REQUIRED ACTION: Take the line containing "icon com.wordbox.uzbekistanRadio(Radio dellUzbekistan)" as the first and the last line of the records below as the end, and please set down only what lies between them exactly, both ends included.

--------------------------------

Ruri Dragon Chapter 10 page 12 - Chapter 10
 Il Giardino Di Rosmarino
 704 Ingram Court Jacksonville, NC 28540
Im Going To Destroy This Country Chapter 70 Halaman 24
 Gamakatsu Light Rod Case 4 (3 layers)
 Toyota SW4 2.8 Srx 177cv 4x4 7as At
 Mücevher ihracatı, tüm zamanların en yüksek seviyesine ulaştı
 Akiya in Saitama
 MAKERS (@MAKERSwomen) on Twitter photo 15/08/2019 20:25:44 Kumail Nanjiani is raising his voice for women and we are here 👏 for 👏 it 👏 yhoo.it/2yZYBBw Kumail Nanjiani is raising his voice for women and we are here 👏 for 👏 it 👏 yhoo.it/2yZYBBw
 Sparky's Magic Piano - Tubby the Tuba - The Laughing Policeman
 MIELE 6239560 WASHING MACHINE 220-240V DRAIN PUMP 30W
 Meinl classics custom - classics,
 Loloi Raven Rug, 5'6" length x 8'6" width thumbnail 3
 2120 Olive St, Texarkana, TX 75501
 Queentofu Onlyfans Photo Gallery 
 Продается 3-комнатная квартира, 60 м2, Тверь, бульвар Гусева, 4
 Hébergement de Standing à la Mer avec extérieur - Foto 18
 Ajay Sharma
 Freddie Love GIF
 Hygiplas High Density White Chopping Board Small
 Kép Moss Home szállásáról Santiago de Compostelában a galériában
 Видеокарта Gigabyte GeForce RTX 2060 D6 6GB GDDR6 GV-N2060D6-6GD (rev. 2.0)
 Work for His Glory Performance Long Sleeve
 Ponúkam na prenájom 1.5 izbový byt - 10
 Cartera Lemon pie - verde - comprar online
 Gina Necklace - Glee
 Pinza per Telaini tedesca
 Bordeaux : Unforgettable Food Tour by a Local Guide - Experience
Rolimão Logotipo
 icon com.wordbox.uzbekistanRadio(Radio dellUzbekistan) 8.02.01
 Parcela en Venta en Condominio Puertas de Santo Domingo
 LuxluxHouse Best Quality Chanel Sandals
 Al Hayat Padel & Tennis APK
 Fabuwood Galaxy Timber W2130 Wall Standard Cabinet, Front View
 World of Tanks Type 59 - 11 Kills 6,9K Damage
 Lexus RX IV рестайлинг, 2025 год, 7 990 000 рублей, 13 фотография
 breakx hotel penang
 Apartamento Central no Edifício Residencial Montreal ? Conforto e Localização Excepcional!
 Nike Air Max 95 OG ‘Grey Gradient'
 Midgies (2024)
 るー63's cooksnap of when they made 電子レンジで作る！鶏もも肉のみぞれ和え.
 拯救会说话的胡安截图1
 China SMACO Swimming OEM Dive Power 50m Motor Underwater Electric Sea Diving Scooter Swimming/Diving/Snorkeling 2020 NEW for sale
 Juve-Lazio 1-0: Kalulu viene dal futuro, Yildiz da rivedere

--------------------------------

THE COMPLETED TASK:
 icon com.wordbox.uzbekistanRadio(Radio dellUzbekistan) 8.02.01
 Parcela en Venta en Condominio Puertas de Santo Domingo
 LuxluxHouse Best Quality Chanel Sandals
 Al Hayat Padel & Tennis APK
 Fabuwood Galaxy Timber W2130 Wall Standard Cabinet, Front View
 World of Tanks Type 59 - 11 Kills 6,9K Damage
 Lexus RX IV рестайлинг, 2025 год, 7 990 000 рублей, 13 фотография
 breakx hotel penang
 Apartamento Central no Edifício Residencial Montreal ? Conforto e Localização Excepcional!
 Nike Air Max 95 OG ‘Grey Gradient'
 Midgies (2024)
 るー63's cooksnap of when they made 電子レンジで作る！鶏もも肉のみぞれ和え.
 拯救会说话的胡安截图1
 China SMACO Swimming OEM Dive Power 50m Motor Underwater Electric Sea Diving Scooter Swimming/Diving/Snorkeling 2020 NEW for sale
 Juve-Lazio 1-0: Kalulu viene dal futuro, Yildiz da rivedere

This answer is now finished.